- **Listed entries**
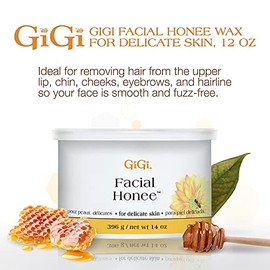GiGi Cera Facial Honee - Cera de depilación suave para rostro y piel delicada, 14 onzas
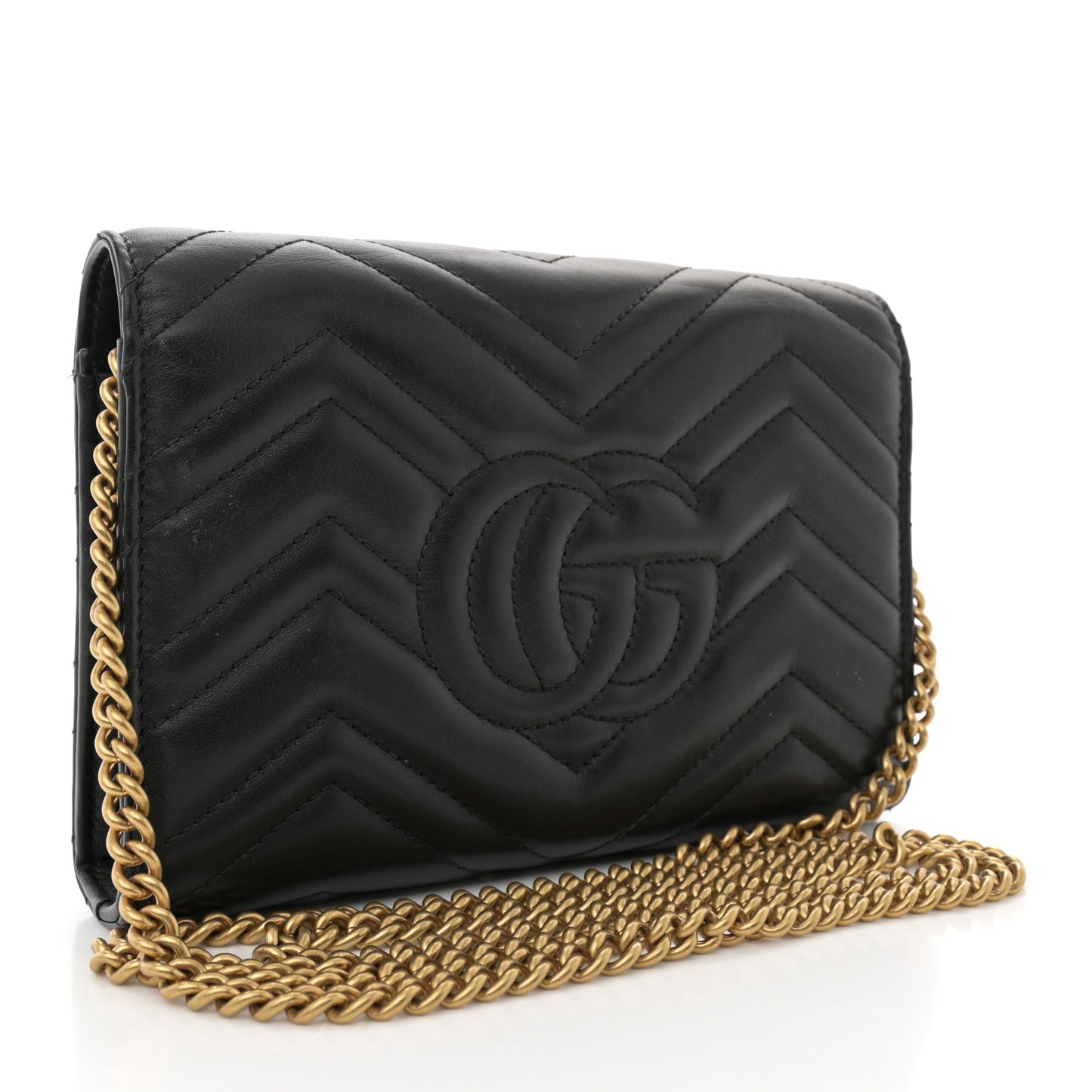 Calfskin Matelasse GG Marmont Chain Wallet Black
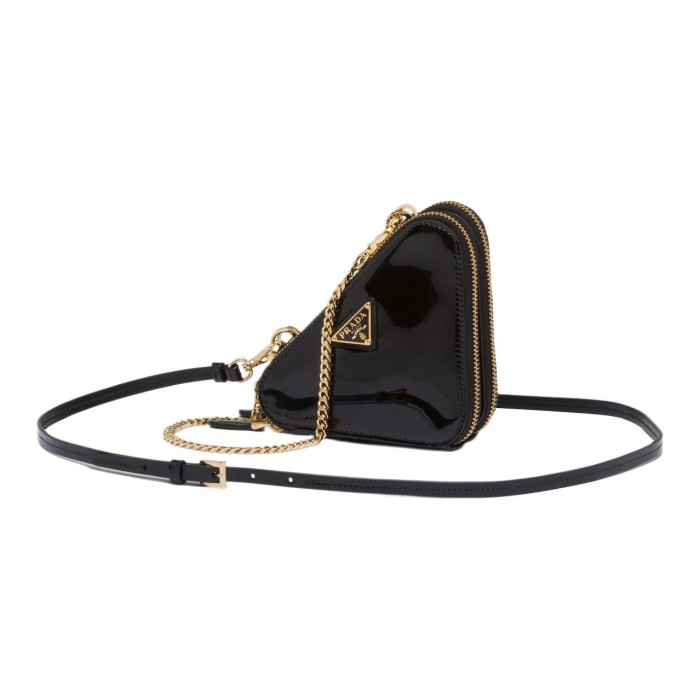 PRADA Leather One Shoulder Crossbody Clutches Mini Women's Black 1NR015_069_F03KJ size Length: 15cm, Width: 10cm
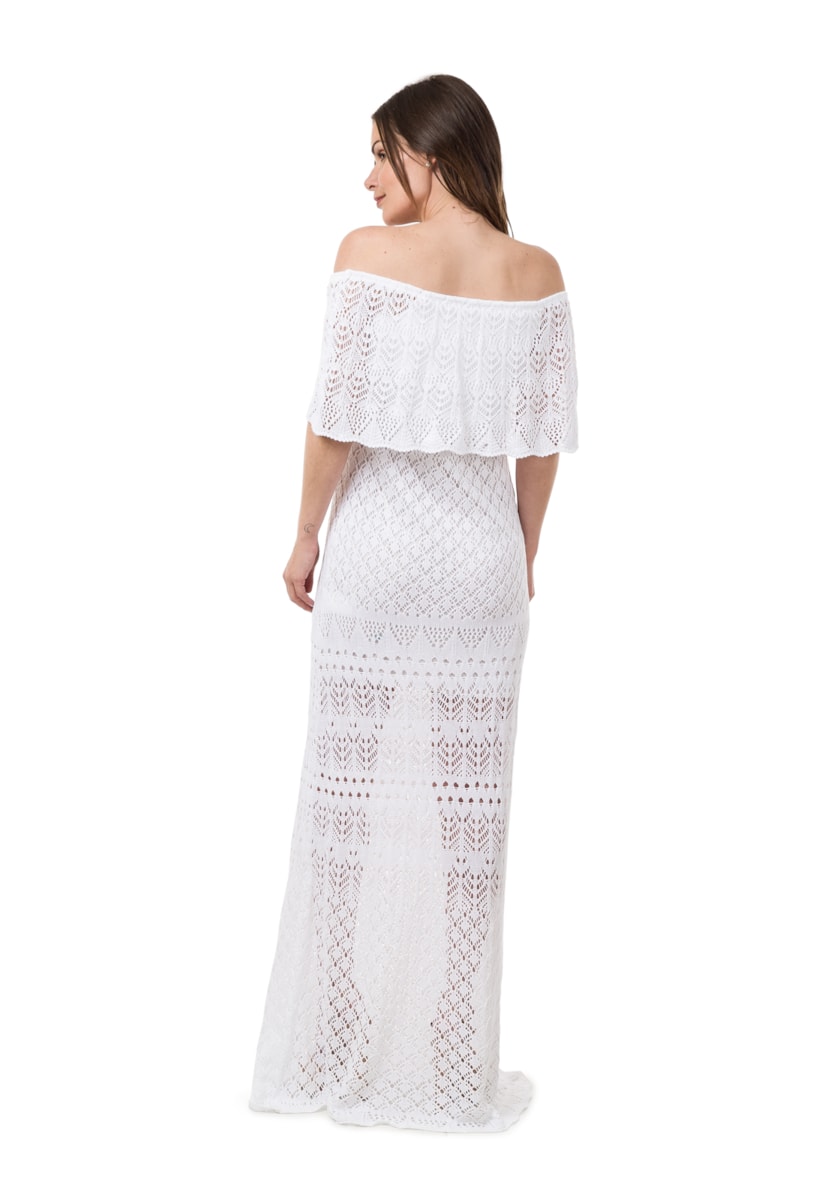 Vestido Feminino Pink Tricot (Tricô) Longo Ombro a Ombro Branco
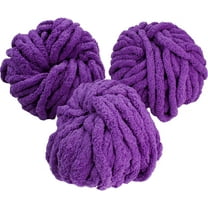 iDIY Chunky Yarn 3 Pack (24 Yards Each Skein) - Dark Purple - Fluffy Chenille Yarn Perfect for Soft Throw Blankets, Arm Knitting, Crocheting and DIY Crafts and Projects! - GreatGift for Crafters
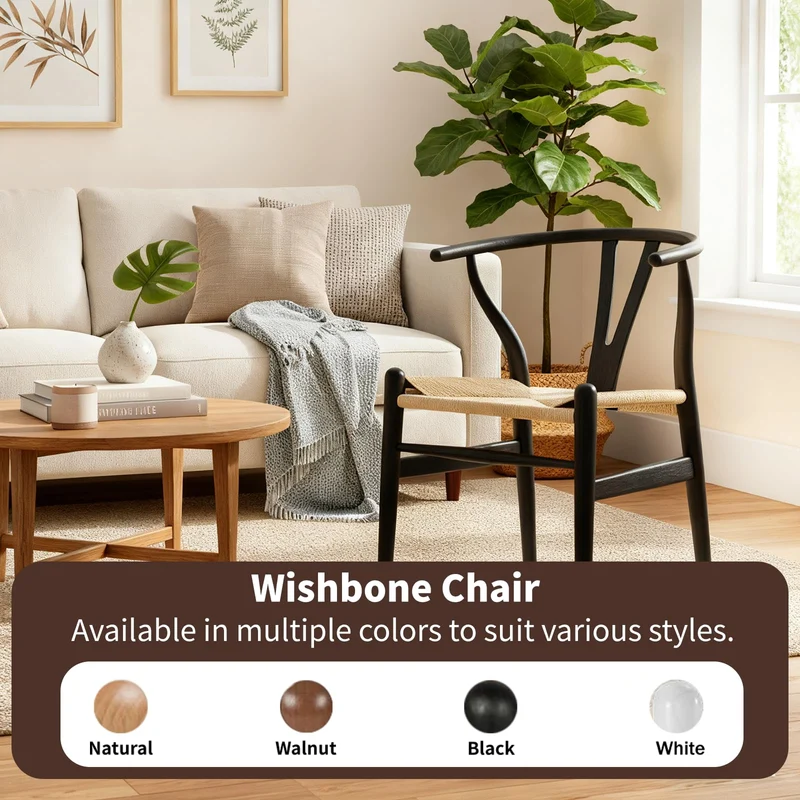 VODUR Wishbone Chaise de salle à manger en bois massif naturel/chaise Hans Wegner Y en rotin et bois – Lot de 1 chaise en bois de frêne – Noir + couleur naturelle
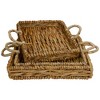 Northlight Set of 3 Square Natural Woven Water Hyacinth Serving Trays with Handles 16" - 3 of 4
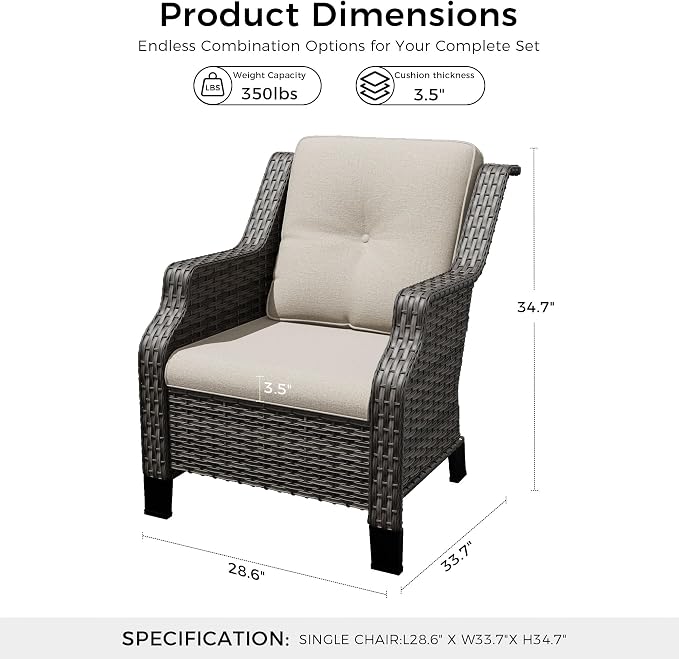 Outdoor Patio Chairs Set of 2, Wicker Patio Furniture with Thick Cushions, Curved Armrest, Deep Seating, Rattan Outdoor Chairs for Porch, Deck, Balcony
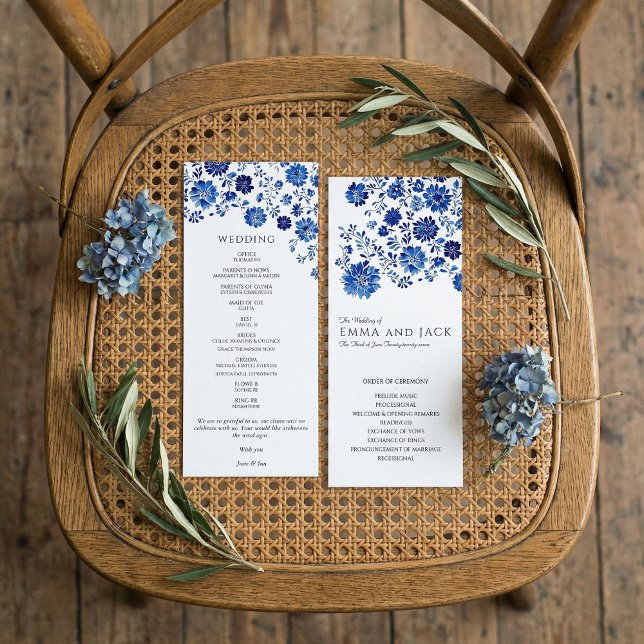 Programa Orden de Ceremonia de Boda con Flores Azules en Ac (Watercolor Blue Floral Wedding Order of Ceremony Program)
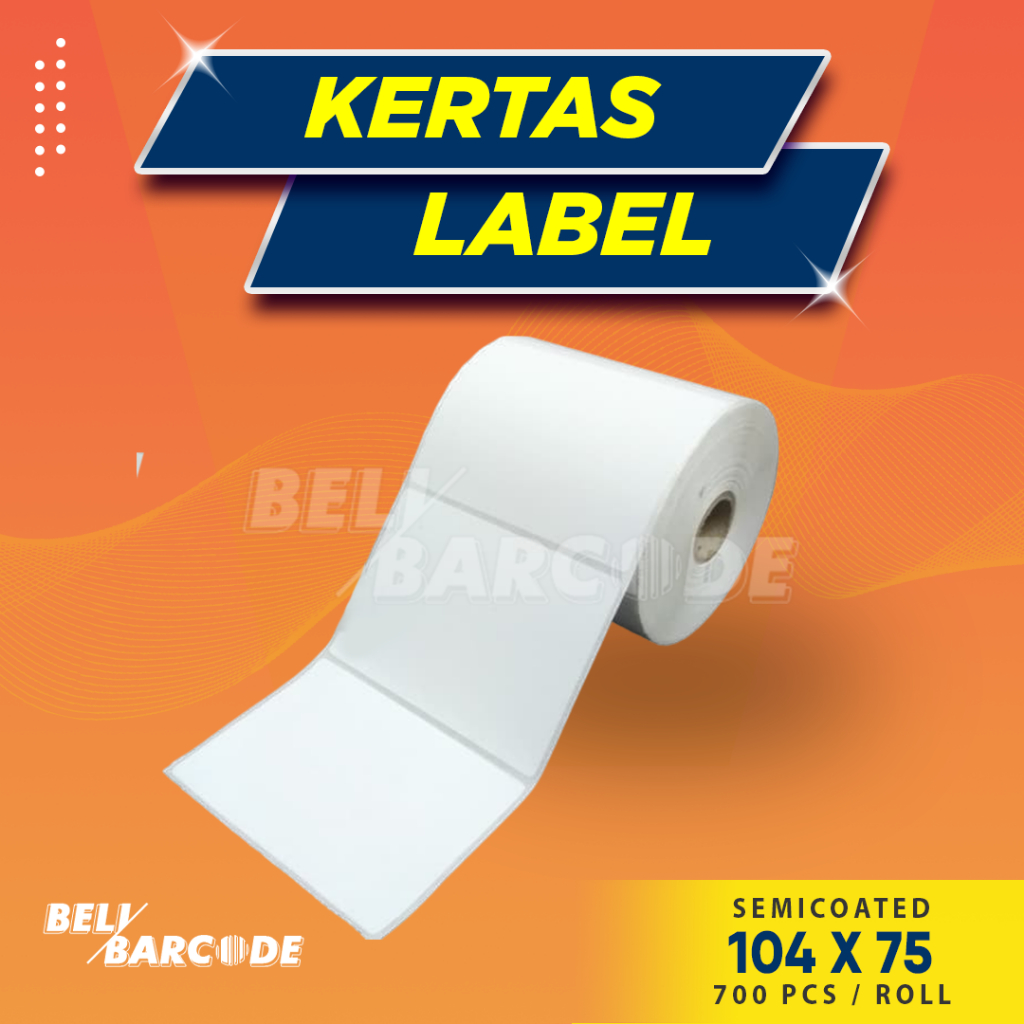 Stiker Label Semicoated 104 x 75 mm 1 Line isi 500 Pcs Cetak Resi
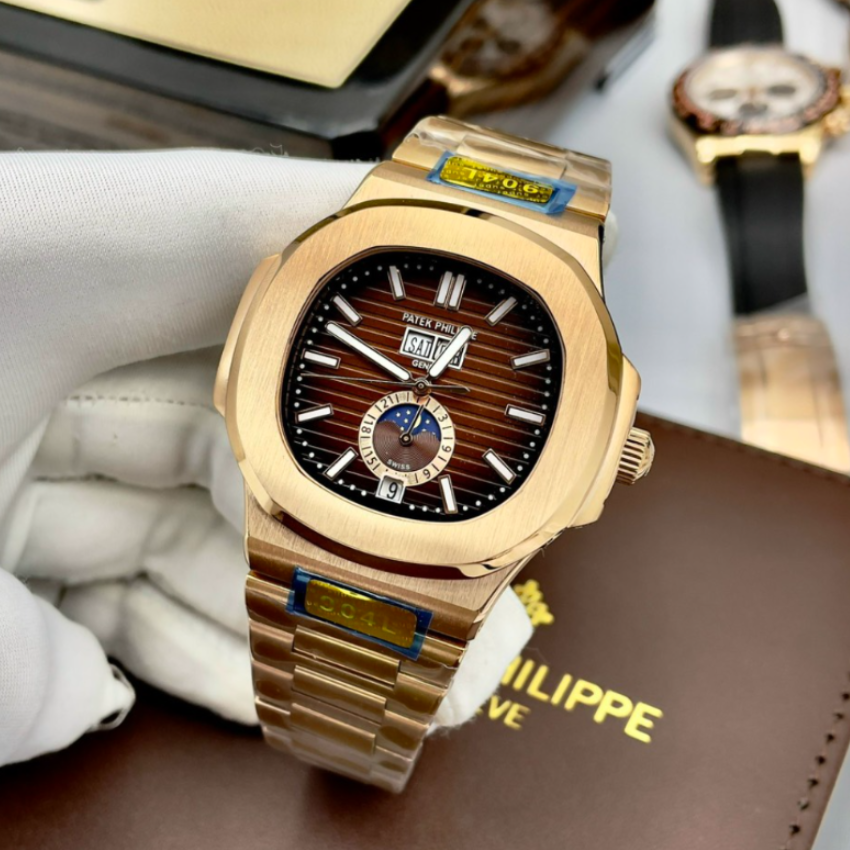[ Hàng Nhập Khẩu ] Đồng Hồ Nam Patek Philippe Geneve Máy Cơ Xịn Chạy Mượt Size 40mm Sang Trọng Cao Cấp, Lịch Ngày, Thứ, Mặt Kính Sapphire, Vỏ Thép 904L Không Rỉ. (Bảo Hành 12 Tháng)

- **Task requirements**
Print the entire listing above verbatim. No picture should be included.

- **Result of this exercise**
GiGi Cera Facial Honee - Cera de depilación suave para rostro y piel delicada, 14 onzas
 Calfskin Matelasse GG Marmont Chain Wallet Black
 PRADA Leather One Shoulder Crossbody Clutches Mini Women's Black 1NR015_069_F03KJ size Length: 15cm, Width: 10cm
 Vestido Feminino Pink Tricot (Tricô) Longo Ombro a Ombro Branco
 iDIY Chunky Yarn 3 Pack (24 Yards Each Skein) - Dark Purple - Fluffy Chenille Yarn Perfect for Soft Throw Blankets, Arm Knitting, Crocheting and DIY Crafts and Projects! - GreatGift for Crafters
 VODUR Wishbone Chaise de salle à manger en bois massif naturel/chaise Hans Wegner Y en rotin et bois – Lot de 1 chaise en bois de frêne – Noir + couleur naturelle
 Northlight Set of 3 Square Natural Woven Water Hyacinth Serving Trays with Handles 16" - 3 of 4
 Outdoor Patio Chairs Set of 2, Wicker Patio Furniture with Thick Cushions, Curved Armrest, Deep Seating, Rattan Outdoor Chairs for Porch, Deck, Balcony
 Programa Orden de Ceremonia de Boda con Flores Azules en Ac (Watercolor Blue Floral Wedding Order of Ceremony Program)
 Stiker Label Semicoated 104 x 75 mm 1 Line isi 500 Pcs Cetak Resi
[ Hàng Nhập Khẩu ] Đồng Hồ Nam Patek Philippe Geneve Máy Cơ Xịn Chạy Mượt Size 40mm Sang Trọng Cao Cấp, Lịch Ngày, Thứ, Mặt Kính Sapphire, Vỏ Thép 904L Không Rỉ. (Bảo Hành 12 Tháng)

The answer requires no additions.